## WHAT YOU SHOULD DO:
Among the entries below, how many lines contain the string "Photo"? Reply with that number alone.

"""

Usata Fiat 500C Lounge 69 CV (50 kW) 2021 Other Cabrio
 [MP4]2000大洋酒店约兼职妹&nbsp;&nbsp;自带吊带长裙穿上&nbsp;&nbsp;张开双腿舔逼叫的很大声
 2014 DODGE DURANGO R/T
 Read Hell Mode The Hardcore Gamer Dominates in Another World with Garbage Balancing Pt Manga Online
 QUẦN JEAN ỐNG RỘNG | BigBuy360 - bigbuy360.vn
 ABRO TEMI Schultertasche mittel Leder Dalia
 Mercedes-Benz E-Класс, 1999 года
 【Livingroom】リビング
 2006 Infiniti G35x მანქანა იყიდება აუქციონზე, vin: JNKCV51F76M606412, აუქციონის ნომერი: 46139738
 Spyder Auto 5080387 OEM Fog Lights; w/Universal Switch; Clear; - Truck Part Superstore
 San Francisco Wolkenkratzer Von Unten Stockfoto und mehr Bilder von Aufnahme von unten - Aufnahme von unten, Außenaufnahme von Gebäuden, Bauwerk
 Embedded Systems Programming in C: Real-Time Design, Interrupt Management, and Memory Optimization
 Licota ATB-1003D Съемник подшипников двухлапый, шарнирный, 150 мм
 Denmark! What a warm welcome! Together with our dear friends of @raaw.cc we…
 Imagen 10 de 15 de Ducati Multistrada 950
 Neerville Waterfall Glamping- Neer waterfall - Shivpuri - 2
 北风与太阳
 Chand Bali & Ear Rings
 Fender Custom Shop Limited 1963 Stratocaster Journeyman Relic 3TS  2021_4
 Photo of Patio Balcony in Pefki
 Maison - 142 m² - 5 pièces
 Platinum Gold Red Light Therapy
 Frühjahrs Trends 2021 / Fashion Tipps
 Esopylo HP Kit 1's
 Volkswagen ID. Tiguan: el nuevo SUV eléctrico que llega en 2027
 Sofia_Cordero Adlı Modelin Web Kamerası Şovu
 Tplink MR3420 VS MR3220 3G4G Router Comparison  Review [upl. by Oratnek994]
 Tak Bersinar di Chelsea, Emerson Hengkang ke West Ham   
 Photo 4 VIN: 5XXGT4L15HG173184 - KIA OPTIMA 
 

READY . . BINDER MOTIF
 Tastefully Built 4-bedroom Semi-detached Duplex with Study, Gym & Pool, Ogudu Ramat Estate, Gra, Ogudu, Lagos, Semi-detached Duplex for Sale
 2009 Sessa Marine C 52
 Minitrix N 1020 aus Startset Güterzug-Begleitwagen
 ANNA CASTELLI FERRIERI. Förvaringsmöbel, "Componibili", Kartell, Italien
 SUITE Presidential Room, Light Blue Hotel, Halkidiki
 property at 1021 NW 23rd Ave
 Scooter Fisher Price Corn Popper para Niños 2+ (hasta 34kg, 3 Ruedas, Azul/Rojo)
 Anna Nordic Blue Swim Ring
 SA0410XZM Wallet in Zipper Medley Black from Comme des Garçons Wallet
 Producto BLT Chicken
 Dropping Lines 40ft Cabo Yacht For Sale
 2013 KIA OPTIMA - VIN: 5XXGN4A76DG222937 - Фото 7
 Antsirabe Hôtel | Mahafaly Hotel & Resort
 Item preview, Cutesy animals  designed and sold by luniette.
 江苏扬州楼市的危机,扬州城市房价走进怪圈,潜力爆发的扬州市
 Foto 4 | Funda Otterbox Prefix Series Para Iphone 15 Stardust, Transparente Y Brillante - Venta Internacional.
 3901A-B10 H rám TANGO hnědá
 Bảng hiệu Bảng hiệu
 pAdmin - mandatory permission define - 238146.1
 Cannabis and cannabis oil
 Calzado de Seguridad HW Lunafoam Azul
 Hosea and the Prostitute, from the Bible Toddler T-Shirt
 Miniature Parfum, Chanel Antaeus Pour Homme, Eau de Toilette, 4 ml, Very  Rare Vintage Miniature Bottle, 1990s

"""

## THE COMPLETED TASK:
2